> **Data provided**:
• • • • •

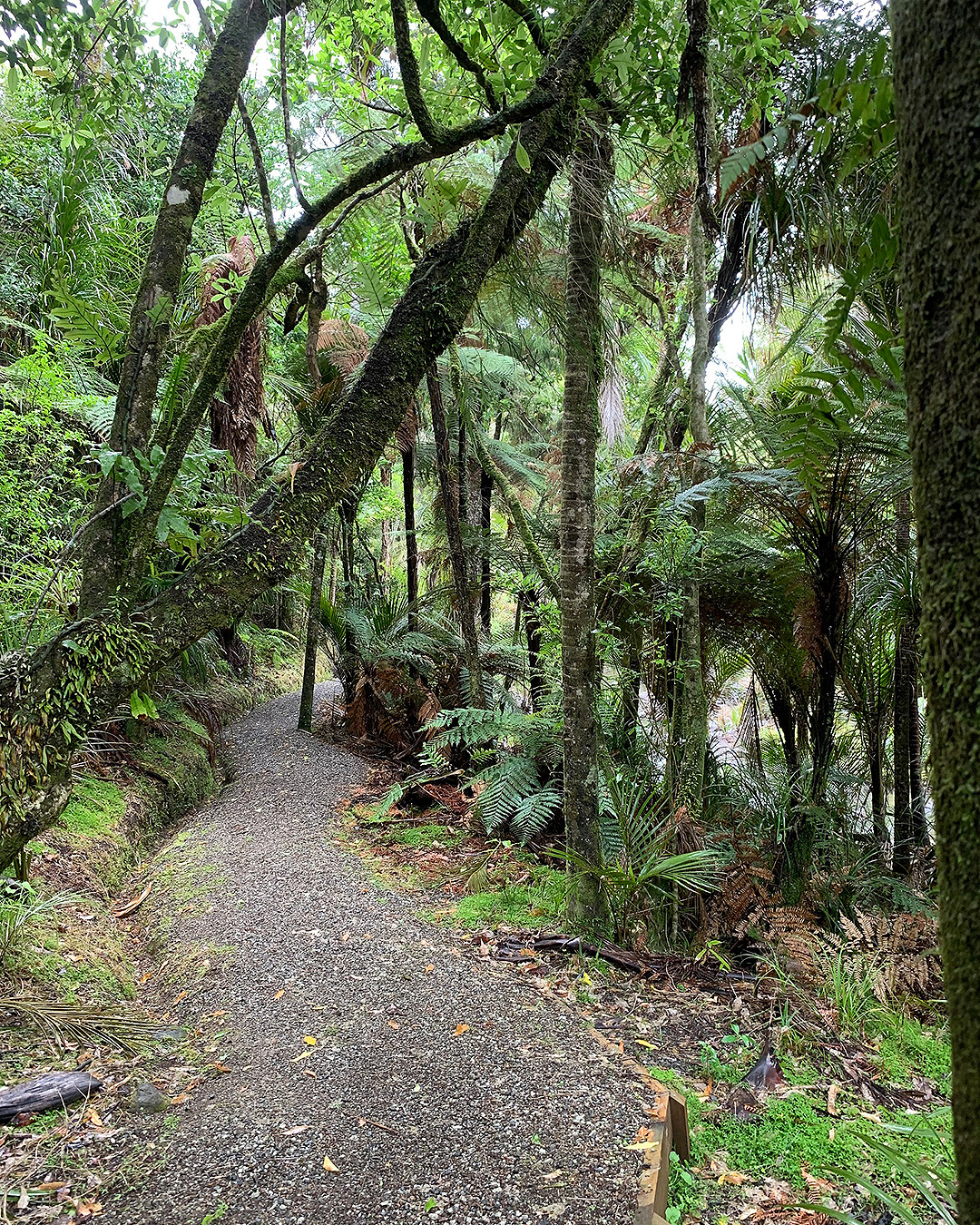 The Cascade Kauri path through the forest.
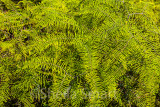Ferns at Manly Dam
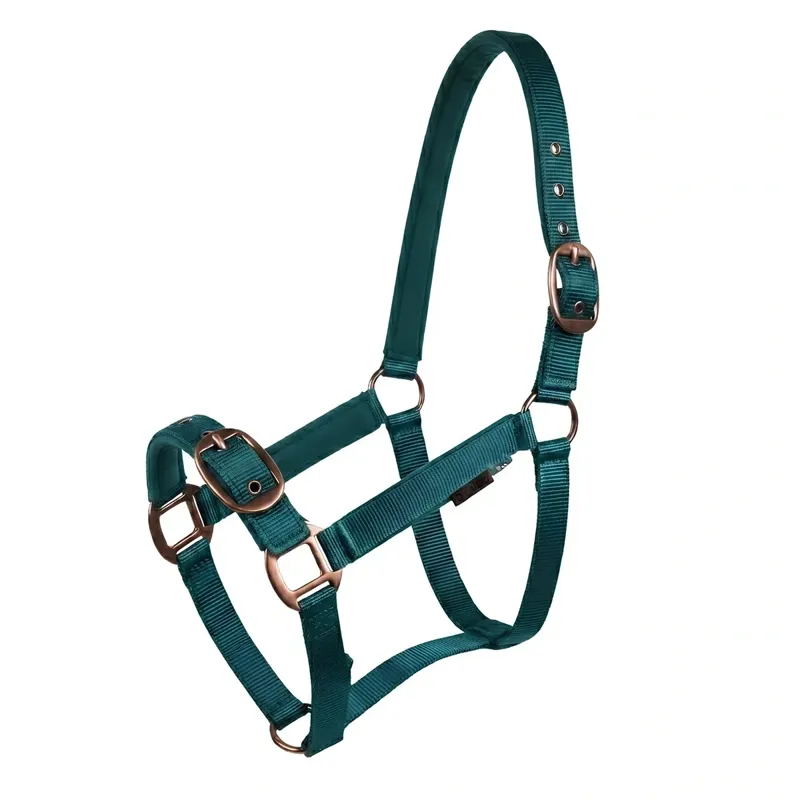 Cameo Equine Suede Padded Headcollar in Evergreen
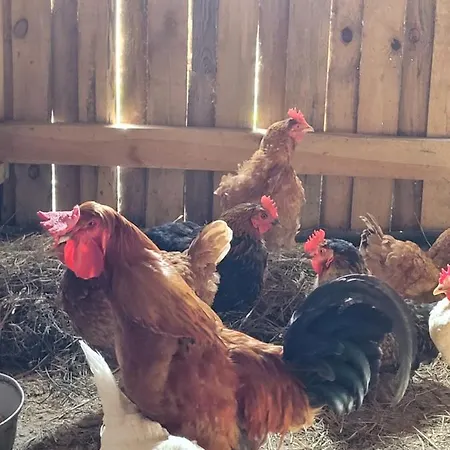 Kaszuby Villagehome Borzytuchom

• • • • •

> **Directions**: Repeat the data in full, exactly as it stands, but drop every picture.

> **Completed exercise**:
 The Cascade Kauri path through the forest.
Ferns at Manly Dam
 Cameo Equine Suede Padded Headcollar in Evergreen
 Kaszuby Villagehome Borzytuchom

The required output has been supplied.